** PROVIDED DATA **
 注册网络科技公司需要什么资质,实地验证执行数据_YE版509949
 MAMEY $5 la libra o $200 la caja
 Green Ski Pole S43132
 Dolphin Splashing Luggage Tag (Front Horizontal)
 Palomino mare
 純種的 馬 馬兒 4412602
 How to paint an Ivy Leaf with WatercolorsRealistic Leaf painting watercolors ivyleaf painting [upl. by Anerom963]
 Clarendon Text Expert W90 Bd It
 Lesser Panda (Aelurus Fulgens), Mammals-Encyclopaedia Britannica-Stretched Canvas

--

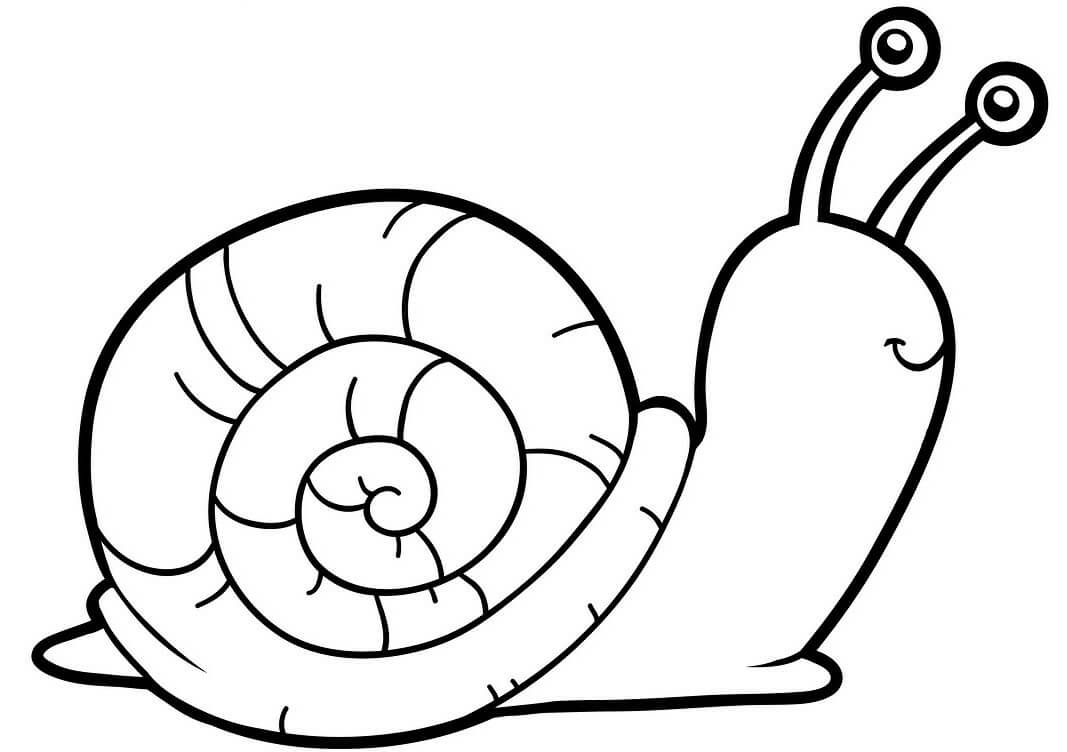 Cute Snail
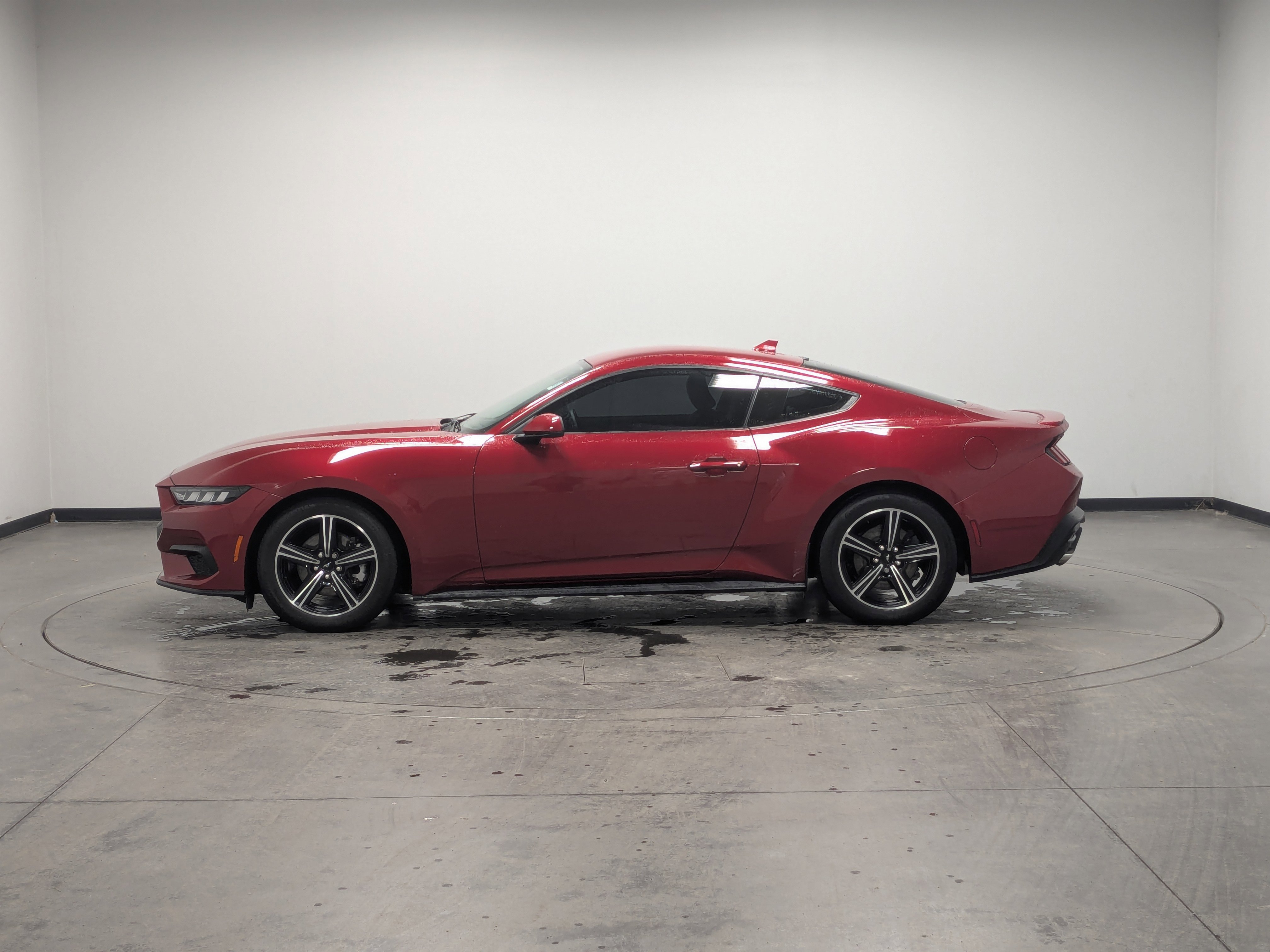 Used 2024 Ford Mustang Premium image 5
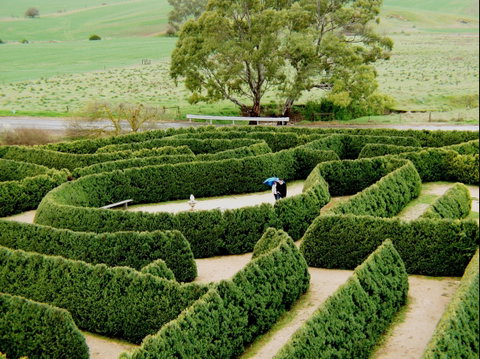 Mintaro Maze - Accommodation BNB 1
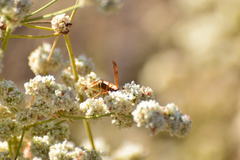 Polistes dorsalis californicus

** THE PROBLEM **
Could you set down, word for word, only the lines above from the line with "MAMEY $5 la libra o $200 la caja" to the line with "Lesser Panda (Aelurus", including both?

** EXPECTED ANSWER **
 MAMEY $5 la libra o $200 la caja
 Green Ski Pole S43132
 Dolphin Splashing Luggage Tag (Front Horizontal)
 Palomino mare
 純種的 馬 馬兒 4412602
 How to paint an Ivy Leaf with WatercolorsRealistic Leaf painting watercolors ivyleaf painting [upl. by Anerom963]
 Clarendon Text Expert W90 Bd It
 Lesser Panda (Aelurus Fulgens), Mammals-Encyclopaedia Britannica-Stretched Canvas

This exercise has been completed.